In [47]:
import pandas as pd
from sklearn.model_selection import train_test_split
from sklearn.compose import ColumnTransformer
from sklearn.pipeline import Pipeline
from sklearn.impute import SimpleImputer
from sklearn.preprocessing import OneHotEncoder, StandardScaler
from sklearn.ensemble import RandomForestRegressor
from sklearn.metrics import mean_squared_error

SEED = 42

In [48]:
train_data = pd.read_csv('train.csv')
test_data = pd.read_csv('test.csv')

X_train = train_data.drop(columns=['Id', 'SalePrice'], axis=1)
y_train = train_data['SalePrice']

In [49]:
numerical_cols = X_train.select_dtypes(include=['int64', 'float64']).columns
categorical_cols = X_train.select_dtypes(include=['object']).columns

In [50]:
from sklearn.base import BaseEstimator, TransformerMixin

class DropColumnsWithTooManyNans(BaseEstimator, TransformerMixin):
 def __init__(self, threshold=0.85):
     self.threshold = threshold
     self.columns_to_drop = None
 
 def fit(self, X, y=None):
     # Calculate the percentage of NaNs in each column
     nan_percentage = X.isna().mean()
     # Identify columns to drop
     self.columns_to_drop = nan_percentage[nan_percentage > self.threshold].index
     return self
 
 def transform(self, X):
     # Drop the identified columns
     return X.drop(columns=self.columns_to_drop)

In [51]:
# Numérico
numerical_transformer = Pipeline(steps=[
    ('imputer', SimpleImputer(strategy='mean')),
    ('scaler', StandardScaler())
])

# Categórico
categorical_transformer = Pipeline(steps=[
    ('imputer', SimpleImputer(strategy='most_frequent')),
    ('onehot', OneHotEncoder(handle_unknown='ignore'))
])

# Bundle dos dois
preprocessor = ColumnTransformer(
    transformers=[
        ('num', numerical_transformer, numerical_cols),
        ('cat', categorical_transformer, categorical_cols)
    ])

In [52]:
model = RandomForestRegressor(n_estimators=300, max_depth=20, min_samples_split=2, min_samples_leaf=1, max_features=0.3, random_state=SEED)

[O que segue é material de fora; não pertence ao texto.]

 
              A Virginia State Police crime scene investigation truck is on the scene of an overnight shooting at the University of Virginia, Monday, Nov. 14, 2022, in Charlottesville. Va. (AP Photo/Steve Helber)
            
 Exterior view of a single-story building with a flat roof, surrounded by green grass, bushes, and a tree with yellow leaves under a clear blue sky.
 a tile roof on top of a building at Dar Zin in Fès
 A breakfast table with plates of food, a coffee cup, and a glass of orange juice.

# Bundle dropping NaN columns, preprocessing, and modeling in a pipeline
pipeline = Pipeline(steps=[
 ('preprocessor', preprocessor),
 ('model', model)
])

# Split data into training and validation sets
X_train_full, X_valid, y_train_full, y_valid = train_test_split(X_train, y_train, test_size=0.2, random_state=SEED)

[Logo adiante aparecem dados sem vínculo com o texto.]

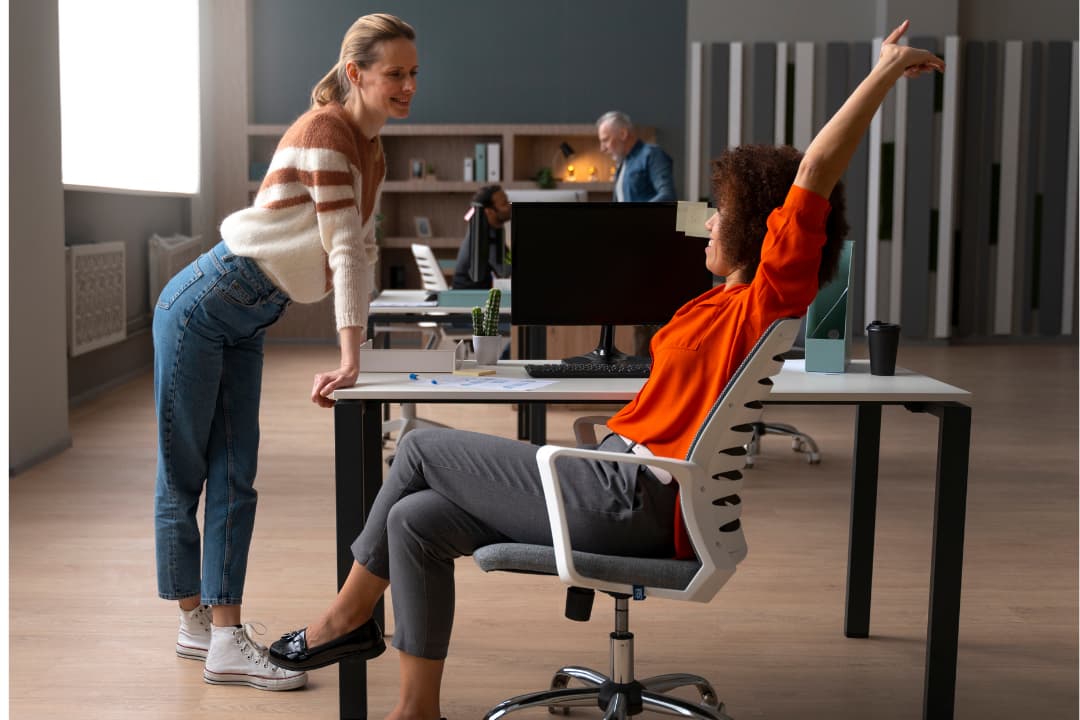 In een kantooromgeving staat één persoon leunend op een bureau, terwijl een ander persoon zittend in een stoel een arm omhoog strekt. Op de achtergrond zijn bureaus, computers en kantoorspullen zichtbaar.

Está falhando na hora do fit do pipeline...

In [55]:
pipeline.fit(X_train_full, y_train_full)

# Transform the training and test data
X_train_full_transformed = pipeline.named_steps['preprocessor'].transform(X_train_full)
X_valid_transformed = pipeline.named_steps['preprocessor'].transform(X_valid)
X_test_transformed = pipeline.named_steps['preprocessor'].transform(test_data)

In [60]:
len(pipeline.named_steps['preprocessor'].get_feature_names_out())

285

Está dando erro não sei pq :(

In [61]:
# Convert transformed data back to DataFrames
X_train_full_df = pd.DataFrame([X_train_full_transformed], columns=pipeline.named_steps['preprocessor'].get_feature_names_out())
X_valid_df = pd.DataFrame([X_valid_transformed], columns=pipeline.named_steps['preprocessor'].get_feature_names_out())
X_test_df = pd.DataFrame([X_test_transformed], columns=pipeline.named_steps['preprocessor'].get_feature_names_out())

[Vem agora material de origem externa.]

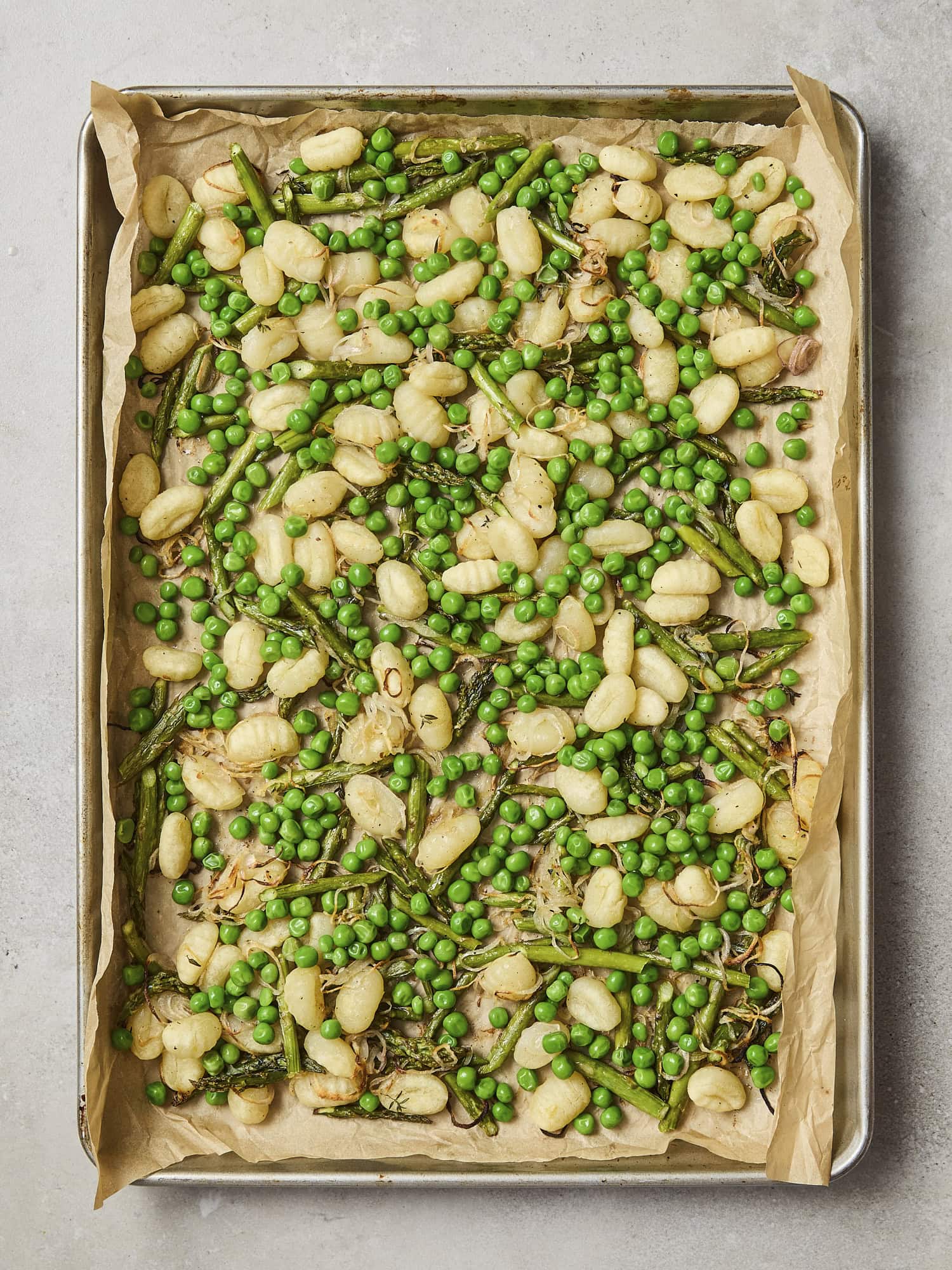 Roasted gnocchi with peas added.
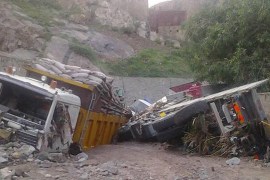 Heavy rains sweep away cars and trucks on a side road near Taiz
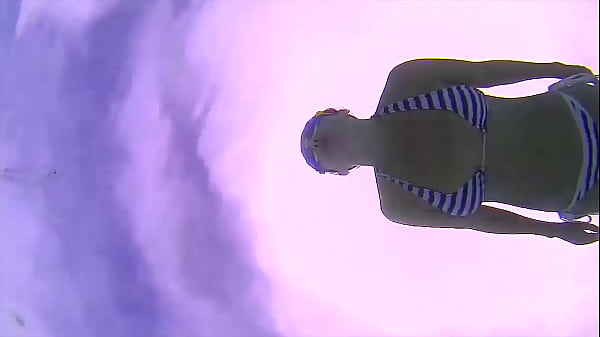 Amazing underwater bikini show.Elegant flexible babe swimming underwater in the_pool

# Save the transformed DataFrames to CSV files
X_train_full_df.to_csv('train_transformed.csv', index=False)
X_valid_df.to_csv('valid_transformed.csv', index=False)
X_test_df.to_csv('test_transformed.csv', index=False)

# Predict and evaluate on the validation set
y_valid_pred = pipeline.predict(X_valid)
mse_valid = mean_squared_error(y_valid, y_valid_pred)
print(f"Mean Squared Error on Validation Set: {mse_valid}")

# Make predictions on the test data
y_test_pred = pipeline.predict(X_test_df)

# Save predictions
predictions = pd.DataFrame({'Id': test_data['Id'], 'SalePrice': y_test_pred})
predictions.to_csv('submission_rfr_pipeline.csv', index=False)

Mean Squared Error on Validation Set: 811576761.1629729


TypeError: 'NoneType' object is not iterable